後ろの席だったから。風で揺れた髪の毛が背中から落ちたから──だからその小さな声に気がついた。

画面越しじゃないから気づける声に、俺も声を返した。


「いいなじゃなくて、行こうよ。葉賀」


大人びた顔は、子どもみたいな表情をしている。


「…………海、行きたいって言ってなかった?」


「え? 私言ってたっけ?」


「あー、いや。行きたそうだなって」


「いやけど……ここは同級生のみんなで心置きなく……」


なんでそこでそういう遠慮の仕方するんだよ。

なんて返そうかな、と考えていると前の方から女子たちの声がかけられた。


「紫乃さーん! いつ行けますかー!」


「え!? あ、えーっと……」


慌てる様子の彼女に、女子たちは後で教えてくださーいとまた近くの席の者同士で談笑をしだす。

彼女は照れくさそうに頬をかいている。


「ほら俺たち、同じクラスの同級生だろ」


俺の言葉に、ええ、とか、でも、とか。水分を含んだ艶のある唇がもごもごと動く。


「けど、年上の人といると気つかわない?」


カーテンが揺れて、窓の外の景色が見えた。白い雲は大きく膨らんで、海の青さによく映える。


「……葉賀ってなん月生まれ?」


「四月」


「へえ、早生まれなんだ」


俺が笑いかけると、えへへと小さく言った。

は言われなかった。


「あの……授業中……」


教師が弱々しく呟いているのは──……一番後ろの席だから聞こえないふりをしてもいいだろ。




***



新しい通知音は、犬耳の配信者の通知アラーム。

コメントも流れてなくて、俺が入室しても気付かずに無言。

ただ時々瞬きをするだけのキャラクター。俺にはまるで実家のような安心感。



『ママだ〜!』


珍しく俺の他にも見てる人がいた。視聴者二人か、さっきの配信とは桁が違うこの過疎具合に安心してしまう自分がいる。

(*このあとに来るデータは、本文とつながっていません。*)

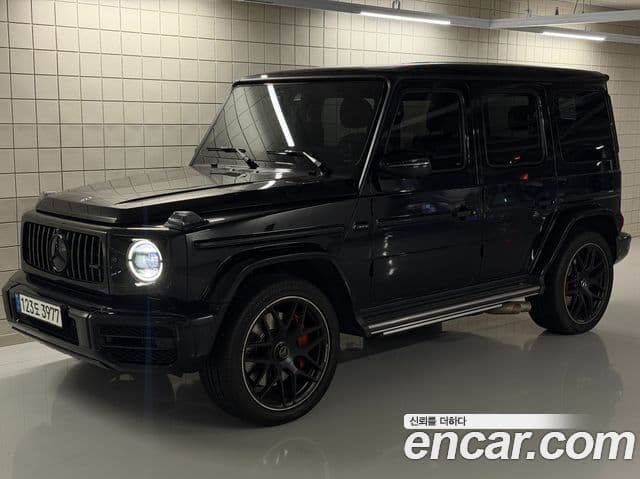Mercedes-Benz G-Class 2021 — Photo 10/15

……いつも画面上で数字と心を削ってる俺にはちょうどいい。なんて思ったら失礼だろうか。


『聞いて聞いて! クラスのみんなで海行けることになったの! 嬉しい〜!』


その跳ねるような声に『そうなんですね』とスタンプを送ると、素直な犬のようにうんと頷いた。


『去年のことがあるから今年は遊ぶの諦めてたけど、一回くらいならきっと大丈夫だしすっごく楽しみ〜!』


去年のこと?

学校では話さないことを、顔を隠して場所を隠して彼女は迂闊に話す。


『わあ!? なにこれ!? ……ぎ、ギフト?』


画面の点滅が終わった時に『紅蓮ショータローが千ポイントの花火ギフトを送信しました!』と文字が流れた。


『点滅したからびっくりした……ポリゴ○ショック思い出しちゃった……』


古。

俺は先ほど桃花の配信を見たからそれは投げ銭というようかものだと分かったが、彼女はギフトの意味も分かっていないようだった。


『懐かしいナ〜あれからテレビにテロップが出るようになったんだよネ!』


流れてきたコメントの語尾がカタカナだ。嘘だろ、めんどくさくないのか? 俺の父親でもそんな文章打たんぞ。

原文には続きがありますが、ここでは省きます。